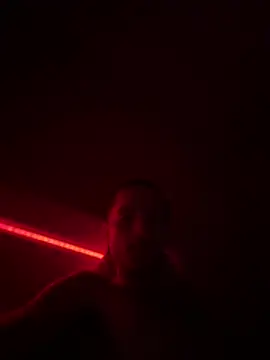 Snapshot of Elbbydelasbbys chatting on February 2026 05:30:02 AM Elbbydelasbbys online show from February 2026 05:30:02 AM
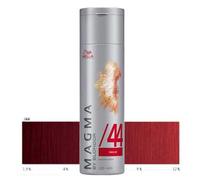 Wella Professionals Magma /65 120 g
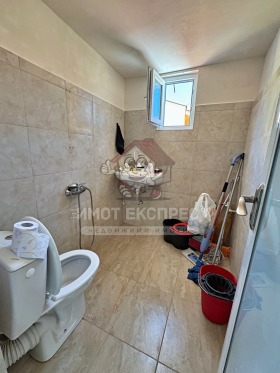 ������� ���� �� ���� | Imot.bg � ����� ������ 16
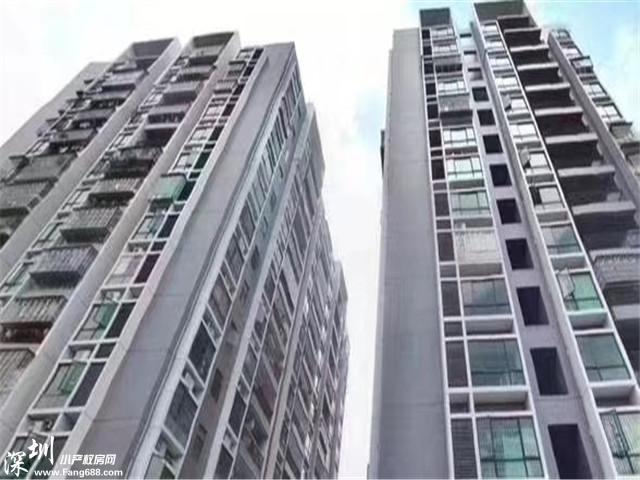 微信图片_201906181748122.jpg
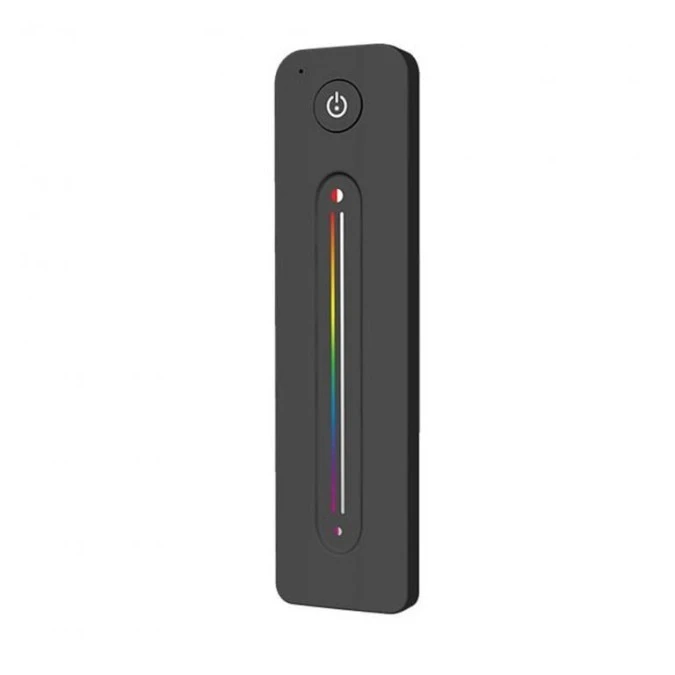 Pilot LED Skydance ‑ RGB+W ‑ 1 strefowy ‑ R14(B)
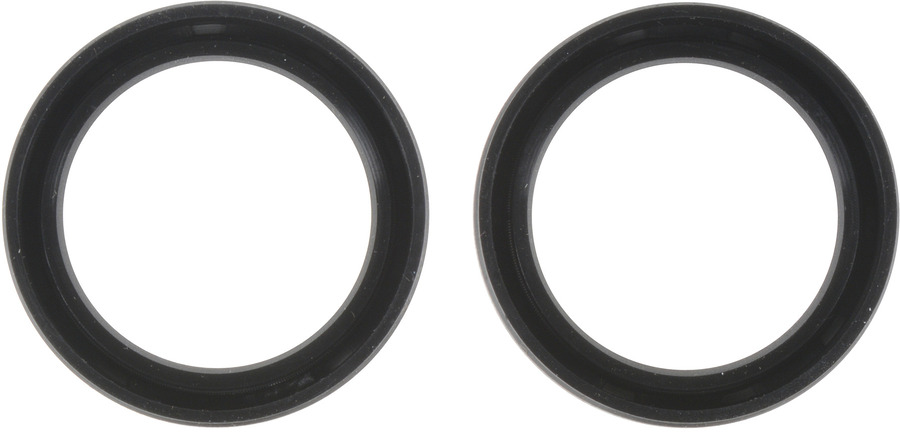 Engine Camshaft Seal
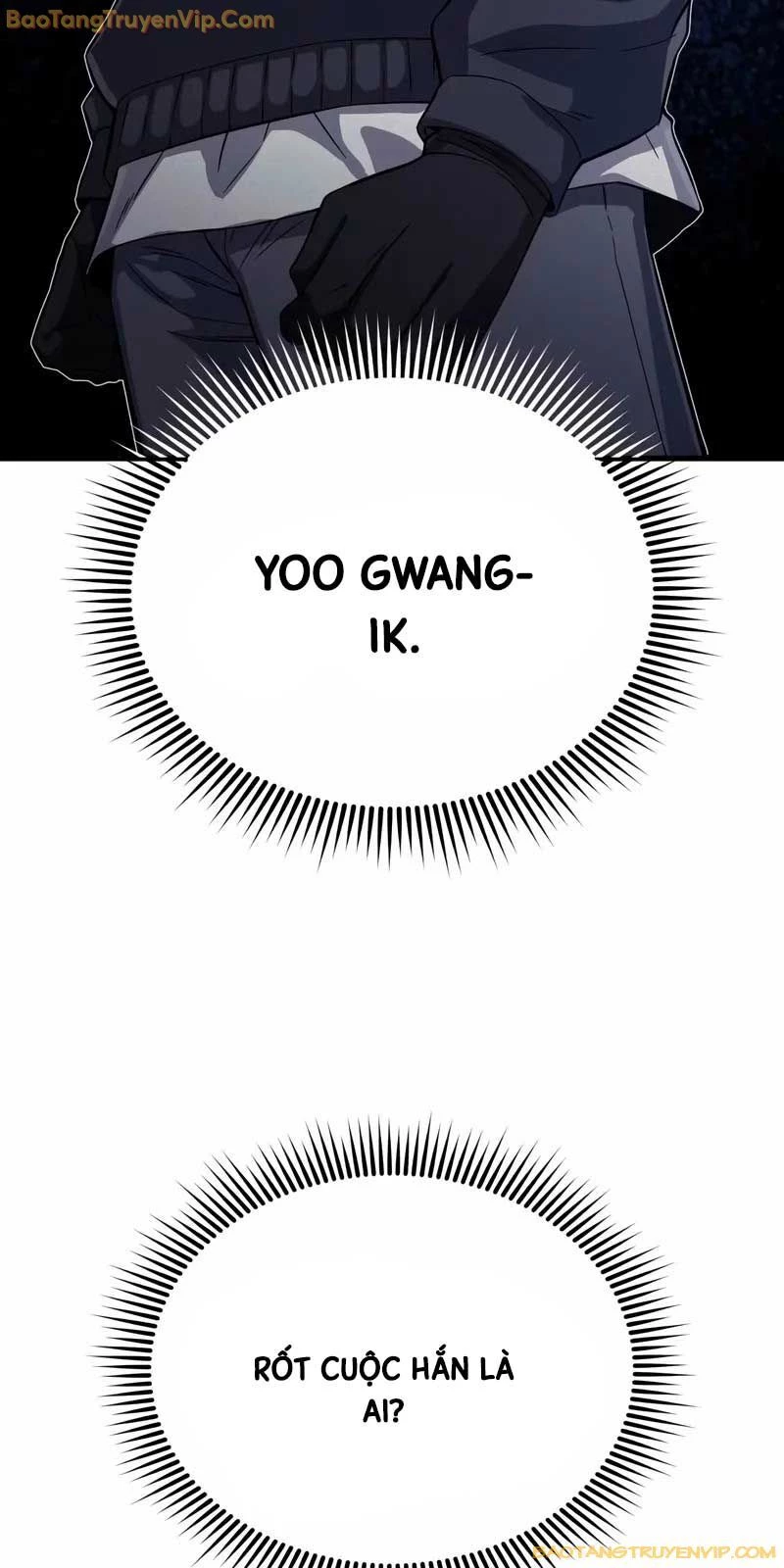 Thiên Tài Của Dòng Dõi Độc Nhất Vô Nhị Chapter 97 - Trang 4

## TASK INSTRUCTIONS
Exact reproduction is required. Output only the lines from the one with "Engine Camshaft Seal" through the end of the listing above, both ends included, and no pictures.

## EXPECTED OUTPUT
 Engine Camshaft Seal
 Thiên Tài Của Dòng Dõi Độc Nhất Vô Nhị Chapter 97 - Trang 4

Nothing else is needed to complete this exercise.